#### [Material for this exercise]
○ ○ ○ ○ ○

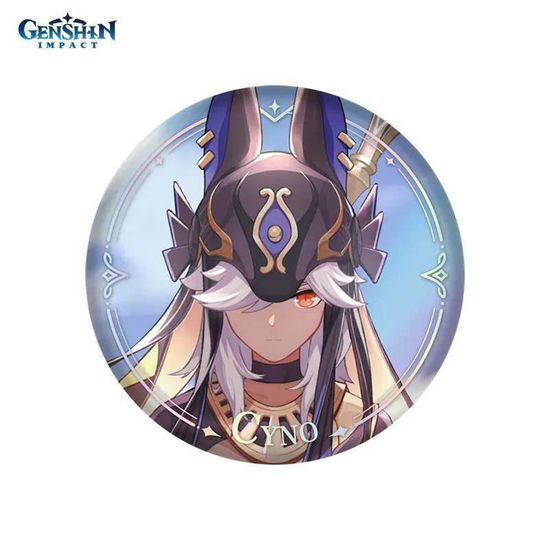 Значок Character PV Series Cyno 6942421101758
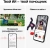 Смартфон Samsung SM-A276B Galaxy A27 5G 128Gb 6Gb черный моноблок 3G 4G 2Sim 6.7" 1080x2340 Android 16 50Mpix 802.11 a/b/g/n/ac NFC GPS GSM900/1800 GSM1900 Protect microSD max2048Gb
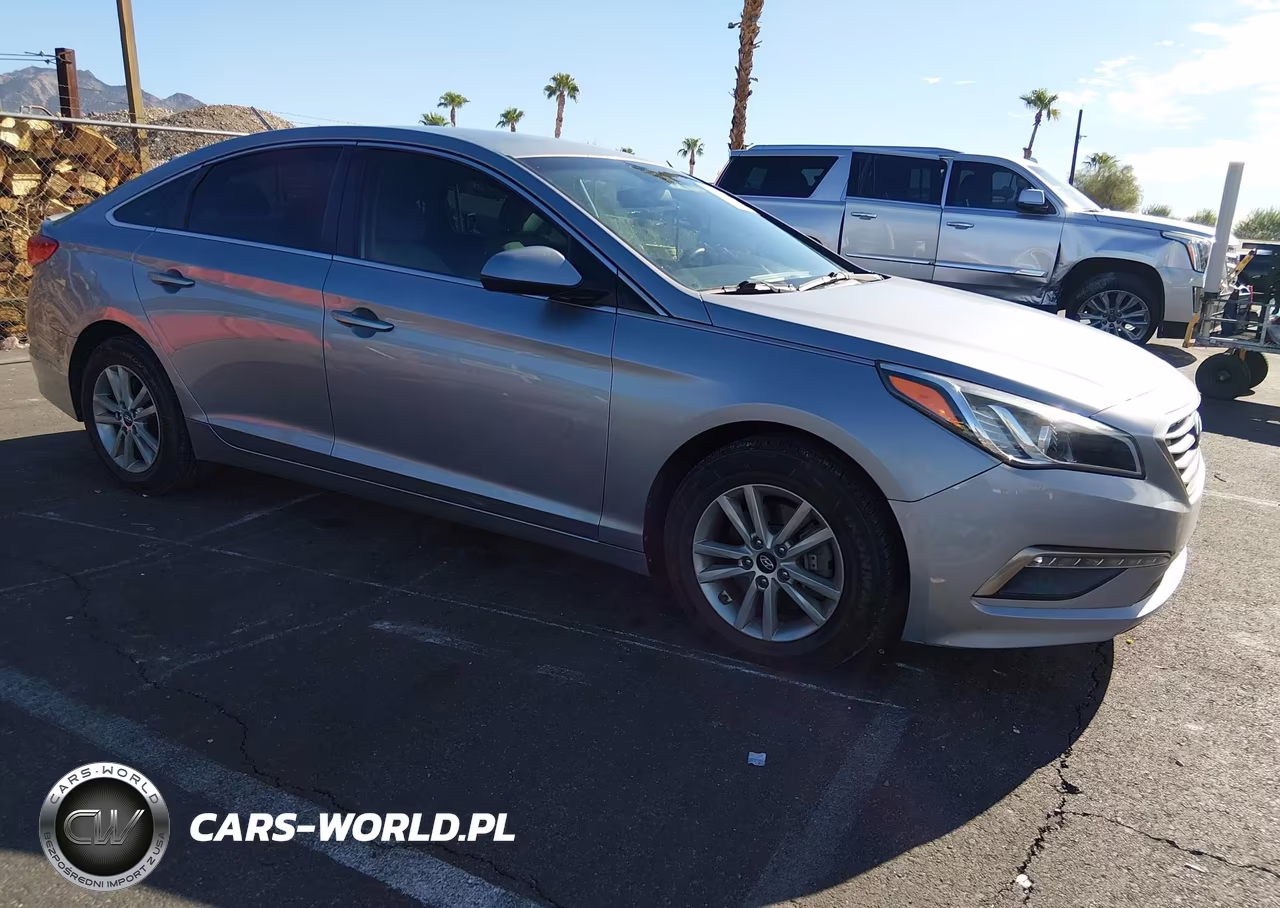 2015 Hyundai Sonata Se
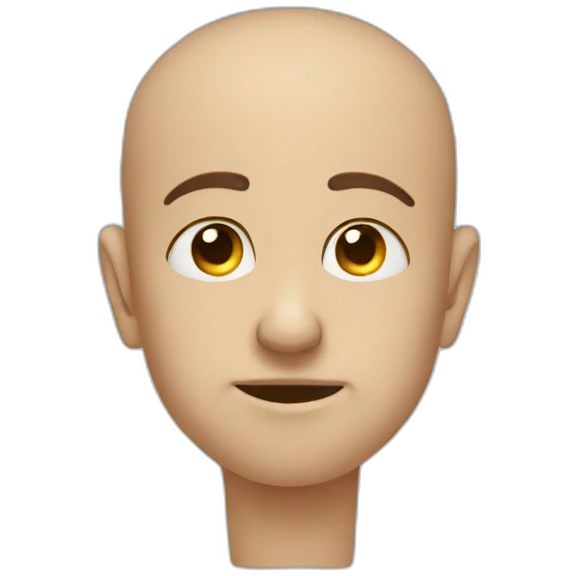 toching the nose  emoji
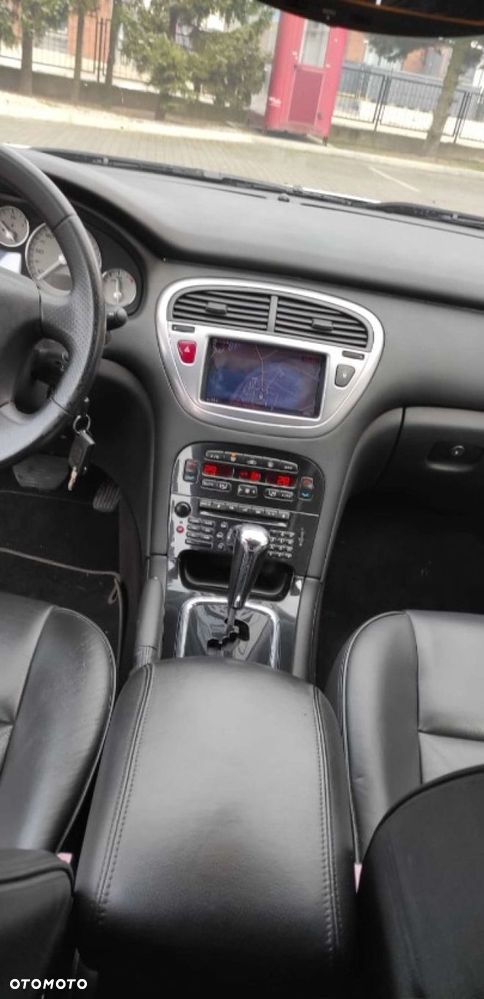 Peugeot 607 - 21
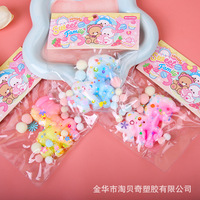 Jouets musicaux anti-stress [Collection Style] Couleur personnalisée Mignonnes griffes de chat en peluche Simulation d'aliments Jouet en PU pour l'exportation à partir de 14 ans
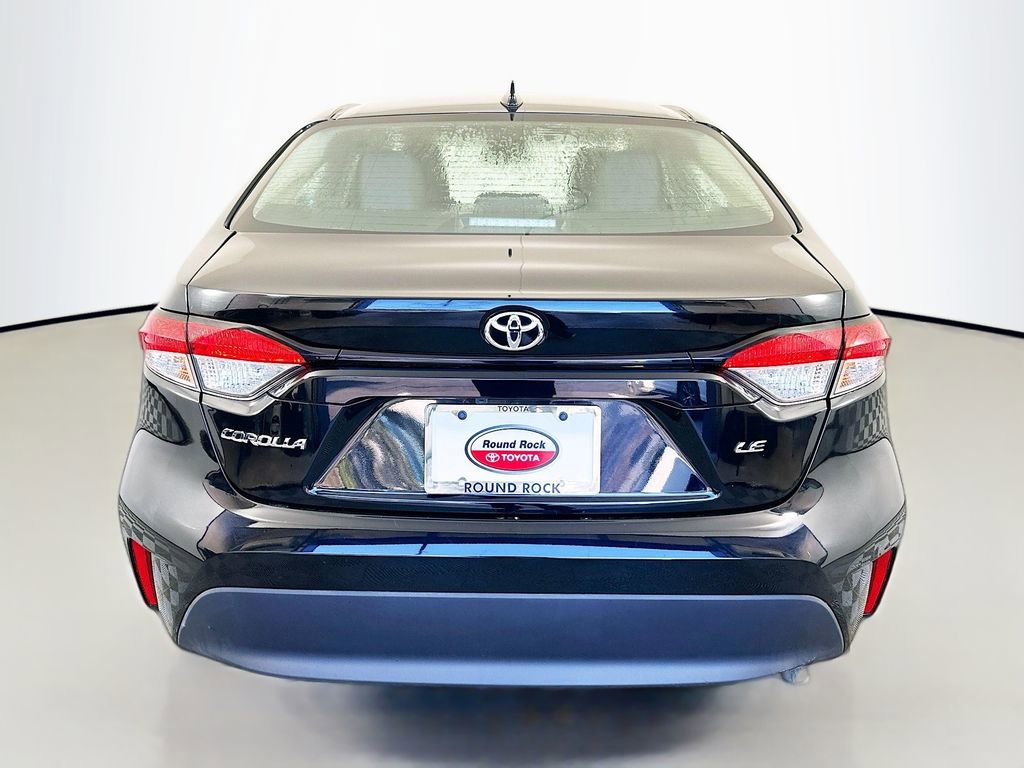 Certified 2024 Toyota Corolla LE image 6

○ ○ ○ ○ ○

#### [What the task asks]
Repeat each line above exactly as it reads, omitting any pictures.

#### [Answer to this exercise]
 Значок Character PV Series Cyno 6942421101758
 Смартфон Samsung SM-A276B Galaxy A27 5G 128Gb 6Gb черный моноблок 3G 4G 2Sim 6.7" 1080x2340 Android 16 50Mpix 802.11 a/b/g/n/ac NFC GPS GSM900/1800 GSM1900 Protect microSD max2048Gb
 2015 Hyundai Sonata Se
 toching the nose  emoji
 Peugeot 607 - 21
 Jouets musicaux anti-stress [Collection Style] Couleur personnalisée Mignonnes griffes de chat en peluche Simulation d'aliments Jouet en PU pour l'exportation à partir de 14 ans
 Certified 2024 Toyota Corolla LE image 6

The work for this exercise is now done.